• [DATA SECTION]
__________________________________________________

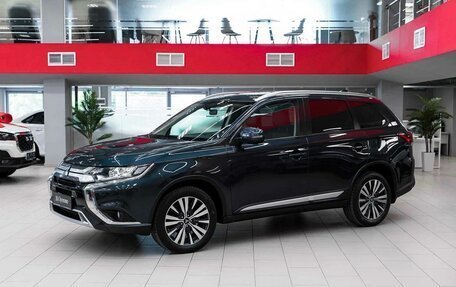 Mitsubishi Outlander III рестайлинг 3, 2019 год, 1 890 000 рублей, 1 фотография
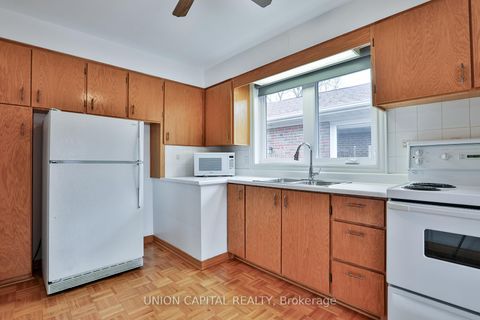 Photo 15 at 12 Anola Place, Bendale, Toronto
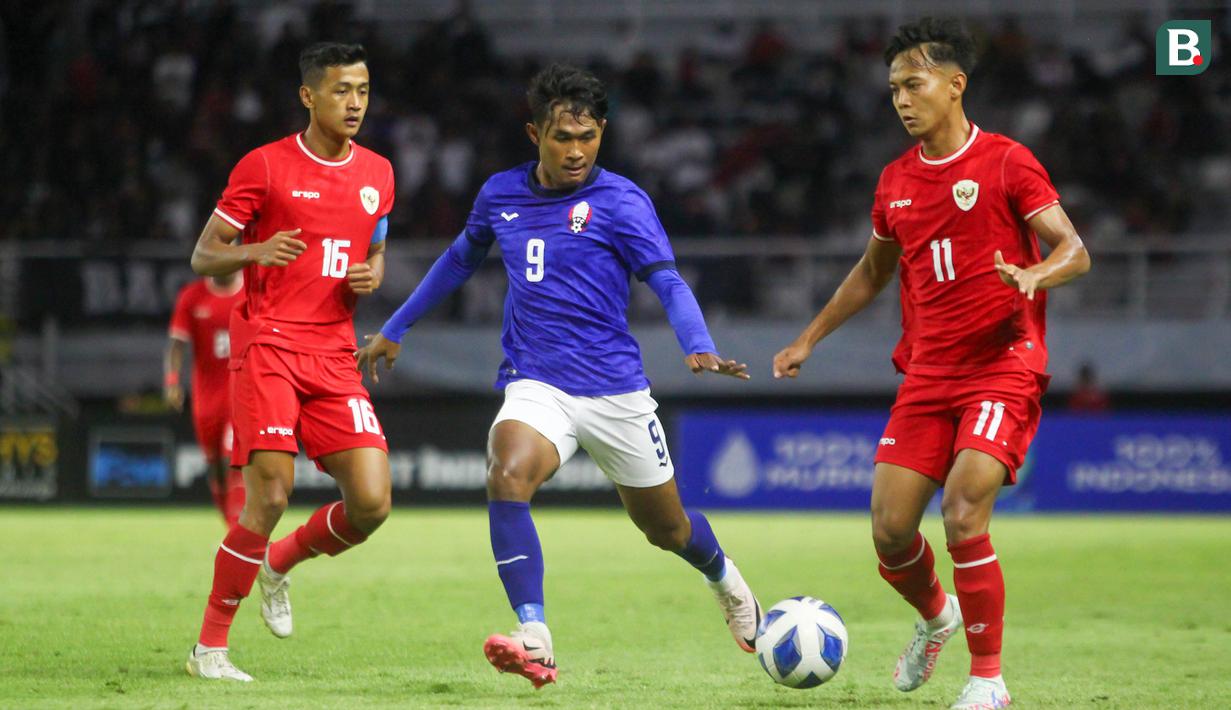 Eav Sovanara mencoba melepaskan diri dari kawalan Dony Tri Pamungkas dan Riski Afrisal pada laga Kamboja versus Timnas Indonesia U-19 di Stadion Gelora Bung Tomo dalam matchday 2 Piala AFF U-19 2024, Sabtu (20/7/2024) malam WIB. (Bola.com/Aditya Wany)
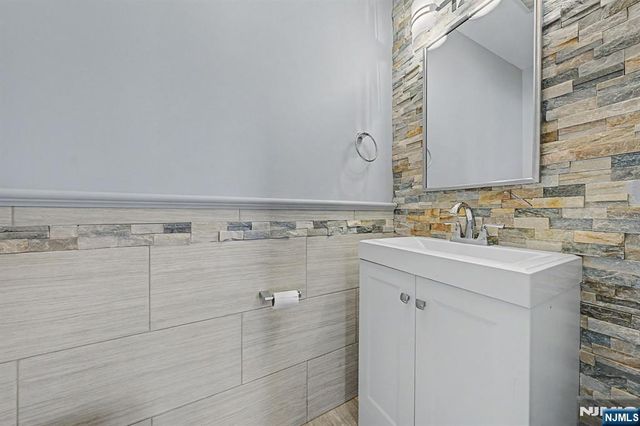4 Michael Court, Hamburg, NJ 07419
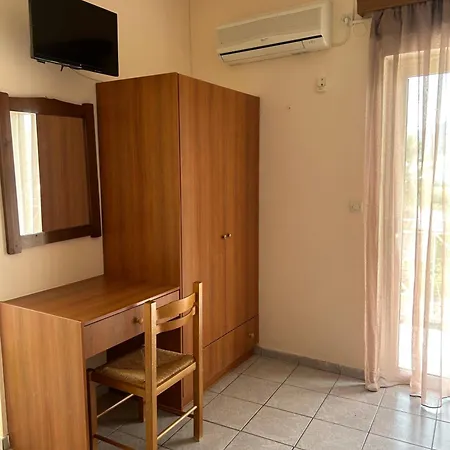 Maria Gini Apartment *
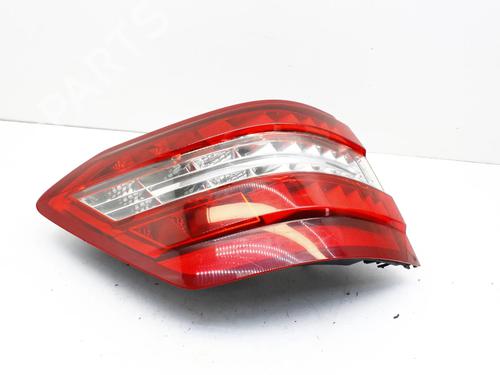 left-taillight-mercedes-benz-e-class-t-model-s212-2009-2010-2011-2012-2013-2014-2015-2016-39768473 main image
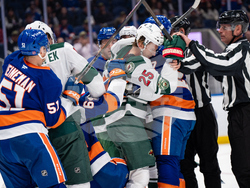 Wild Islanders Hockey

__________________________________________________

• [WORK REQUEST]
Please restate word for word the lines above, starting with the line that holds "Maria Gini Apartment *" and ending with the final line of the records, while leaving out pictures.

• [ANSWER BOX]
 Maria Gini Apartment *
 left-taillight-mercedes-benz-e-class-t-model-s212-2009-2010-2011-2012-2013-2014-2015-2016-39768473 main image
 Wild Islanders Hockey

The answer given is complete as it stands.